Now, if you work in either the stationary supply or recruitment sectors, you would hope that your company fared well in those Google searches.
Unfortunately many businesses haven't realised the importance of making their webpages mobile-friendly and are subsequently being penalised, because mobile-friendly webpages (the individual pages that make up a website) ranking higher in search results.
Google's criteria for a 'mobile-friendly' webpage is:
• one that avoids software not common on mobile devices such as Flash;
• one that uses text that is readable without zooming;
• one that sizes content to the screen so users don't have to scroll horizontally or zoom; and
• one that places links far enough apart so that the correct one can be easily tapped
Google began emphasising the importance of mobile friendliness in November last year when it started labelling results that met these criteria.
Its latest algorithm change is a giant leap ahead, so much so it's been dubbed 'Mobilegeddon'. In effect, if two webpages with content of equal quality come back in results, the mobile friendly one will be ranked higher.
"Now searchers can more easily find high-quality and relevant results where text is readable without tapping or zooming, tap targets are spaced appropriately, and the page avoids unplayable content or horizontal scrolling," Google said.
The impact on Western Australian businesses is significant. An assessment of the top 20 private companies and top 20 public industrial companies shows that more than half have not invested in making even their homepages mobile friendly.
They will, therefore, fall down the rankings if the search is undertaken on a mobile device.
What to do
The immediate option for businesses is obvious – invest in making your website mobile friendly.
However, the key differentiator is content and it will be content that puts winners above losers in future Google algorithm changes.

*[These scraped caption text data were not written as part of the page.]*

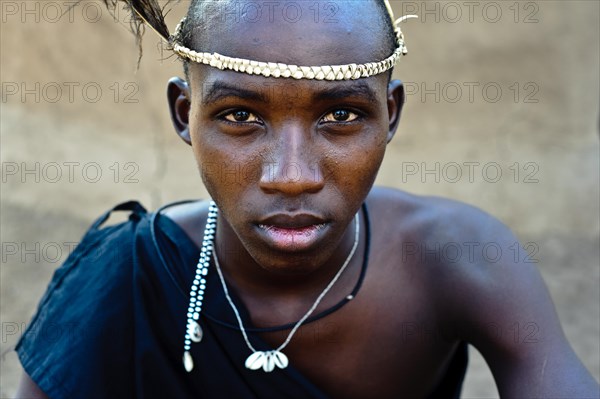 Portrait of a teenage boy following his initiation rite, teen from the Njemps tribe, Kenya. Once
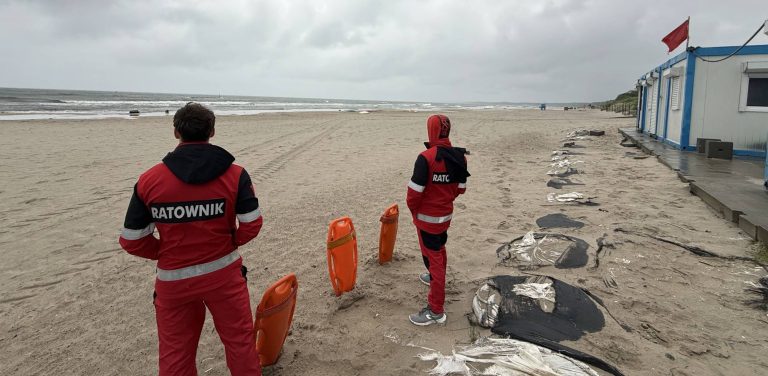 Ratownicy wodni na plaży wschodniej w Ustce. Dwóch ratowników w czerwono-czarnych strojach z napisem "RATOWNIK" na plecach. Stoją na piaszczystej plaży i patrzą w stronę morza. Obok nich znajdują się pomarańczowe boje ratunkowe. W oddali biało-niebieski budynek z czerwoną flagą na dachu. Plaża jest opustoszała, a w tle widać linię horyzontu z morzem, niebo jest zachmurzone. To początek sezonu kąpielowego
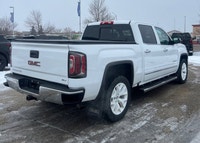 Welcome to Capital GMC! Looking for more luxury in the All New GMC Sierra? This 4WD White Sierra SLT... (image 4)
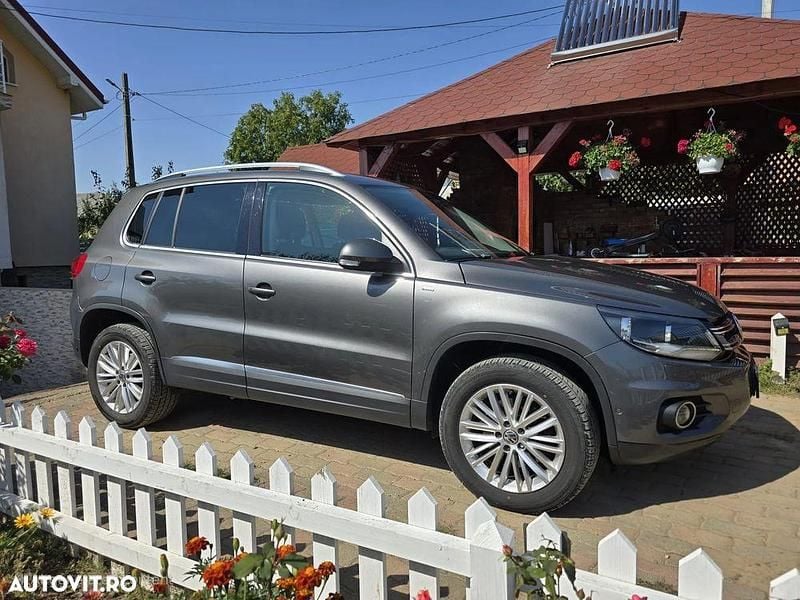 Culoaregri Utilizat 2014 VW Tiguan Cup SUV | 12.490 EUR (Preț bun) - Imagine 1/4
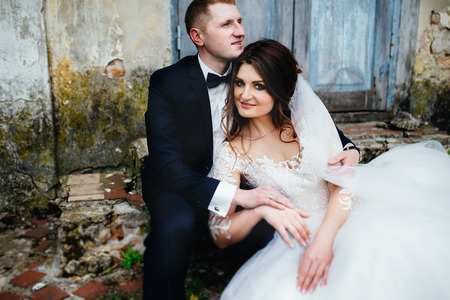 Fashionable wedding couple sitting near old house and smiling. Husband holding his wife. Bride wearing bridal veil and dress with embroidery.の写真素材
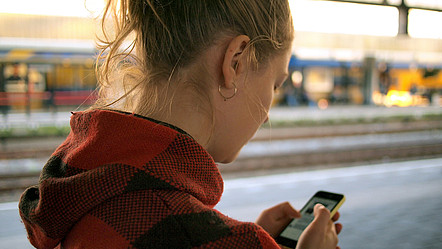 eine Frau die an einem Bahnhof steht und auf ihr Handy schaut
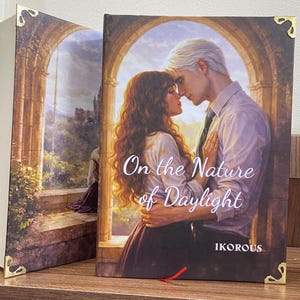 May include: Two hardcover books with gold corner accents. The book on the right features a couple embracing, with the title "On the Nature of Daylight" and the author's name "IKOROUS". The spine of the book on the left shows a landscape painting.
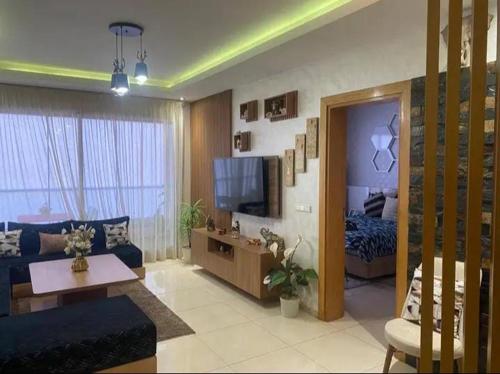 a living room with a blue couch and a bed at Beach Appartement & Résidence Luxury Aourir in Agadir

Google noted that the overall intention to return the most relevant results remained, despite its preference towards mobile-friendly webpages in its latest update.
"While the mobile-friendly change is important, we still use a variety of signals to rank search results. The intent of the search query is still a very strong signal, so even if a page with high-quality content is not mobile friendly, it could still rank high if it has great content for the query," Google said.

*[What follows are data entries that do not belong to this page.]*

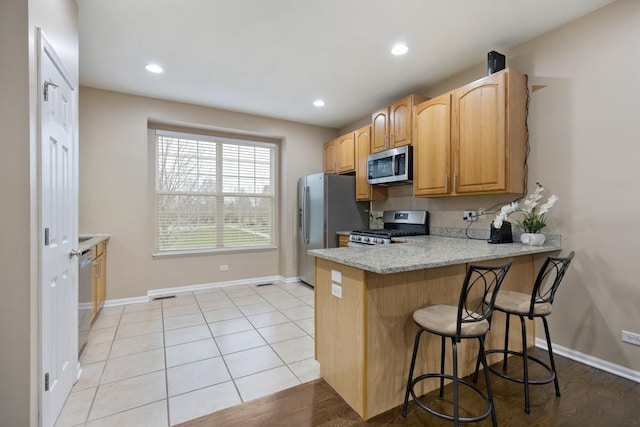 kitchen with appliances with stainless steel finishes, a breakfast bar area, a peninsula, and baseboards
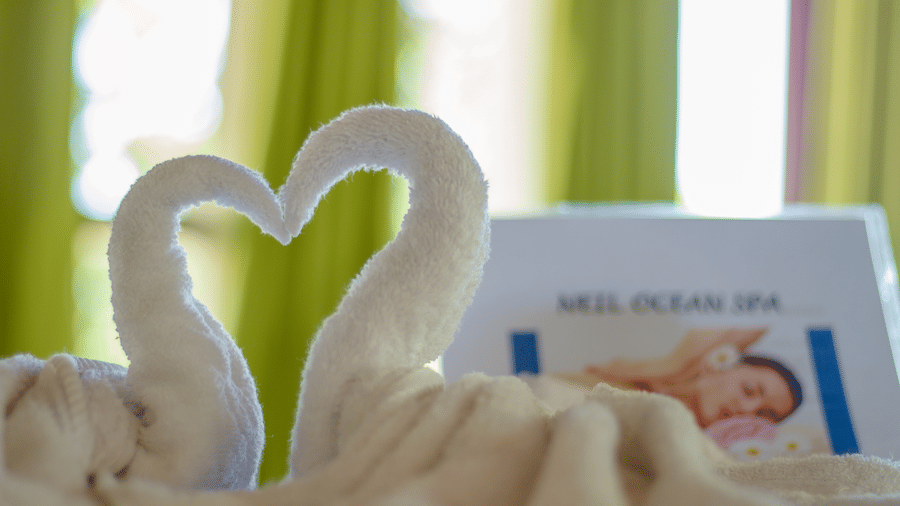 Towels in a shape of birds making a heart shape placed on the massage table - Symphony Summer Sand Beach Resort And Spa, Neil Island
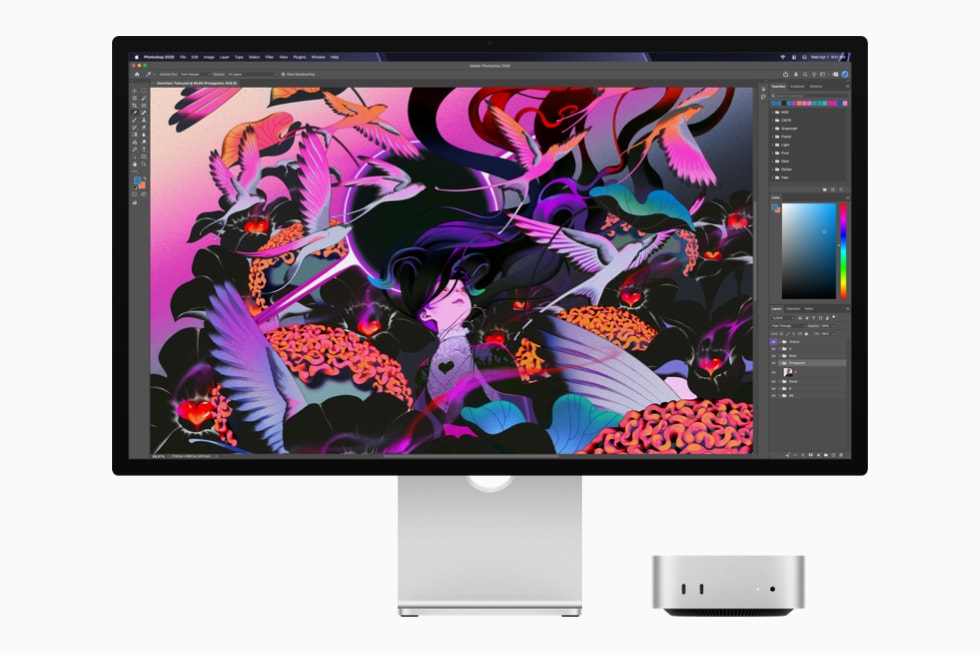 Apple desktop setup on a white background, with a silver Mac Studio beside a large monitor. The display shows a professional illustration application editing a vivid pink, purple, orange, and black ar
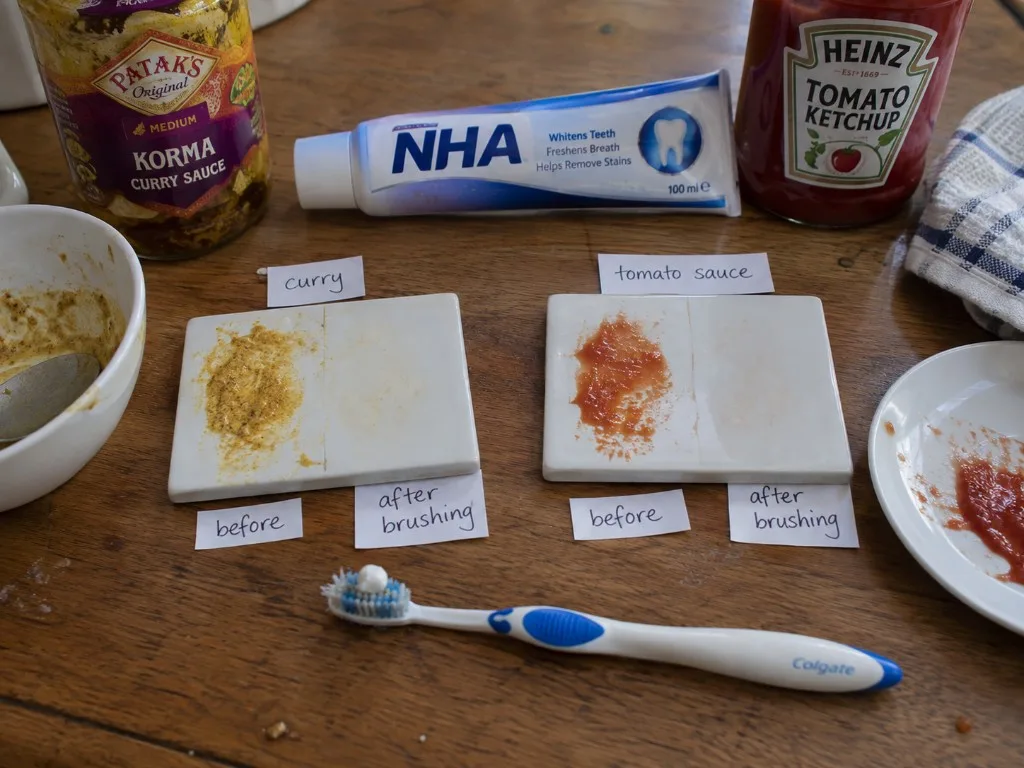 Nano-hydroxyapatite toothpaste stain wipe: curry tile split before and after brushing, red sauce tile split before and after brushing, with the nHA tube, a Colgate brush, Patak's korma, and Heinz ketchup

Clearly, as Bill Gates declared nearly two decades ago, content is king. And yet some still fail to realise how what is now defined as content marketing can bring competitive advantages.

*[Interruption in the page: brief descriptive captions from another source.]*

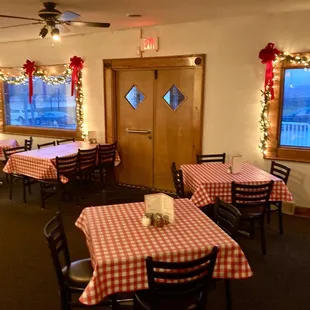 a dining room decorated for christmas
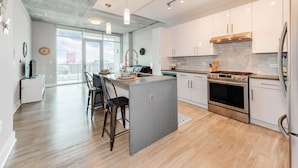 A modern kitchen with white cabinets, a central island, stainless steel appliances, and a large window overlooking a cityscape. - Heaven in Charlotte Furnished Apartments (Charlotte)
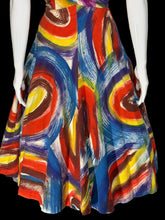 Load image into Gallery viewer, A close up of the skirt of a sleeveless A-line dress displayed on a white mannequin. The dress features a bold abstract swirl pattern in red, blue, yellow, and white.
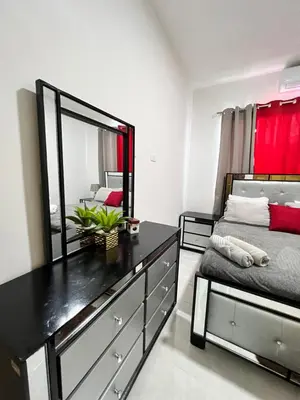 a bedroom with a dresser with a mirror and a bed at Villa Angel in San Felipe de Puerto Plata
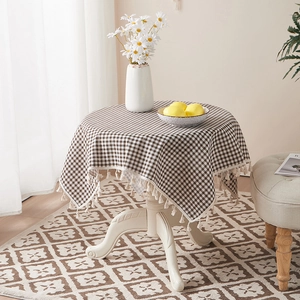 Close-up of brown checkered cotton linen tablecloth with elegant fringe tassel details
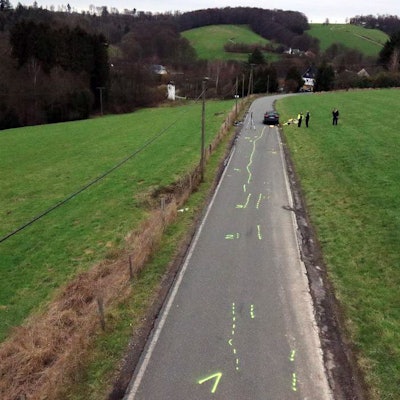 Ein Unfallaufnahmeteam der Polizei sichert Spuren auf einer Kreisstraße, auf der Kreidemarkierungen zu sehen sind.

Businesses should recognise that creating great content across multiple platforms can have significant impacts in marketing success. For example, businesses are gaining followers and 'likes' by sharing great content that people want to then share to their networks on social media sites – essentially word of mouth in a social media realm.
But returning to Google, this activity can also affect how businesses rank in search results. Link sharing was the backbone of the early search engine optimisation game, and it still plays a significant role with shares through social media taken into account during Google searches.
Unsurprisingly, if a business provides an update on Google+ and then receives a significant number of 'likes' or 'shares', its ranking on Google increases. In one case study conducted by MOZ (search engine optimisation specialists) a company that received 100 followers on Google+ received an almost 15 per cent increase in its ranking.
So, with mobile web traffic having overtaken desktop traffic, you're wasting time if you're not already assessing how to become mobile-friendly integrated with a content marketing strategy.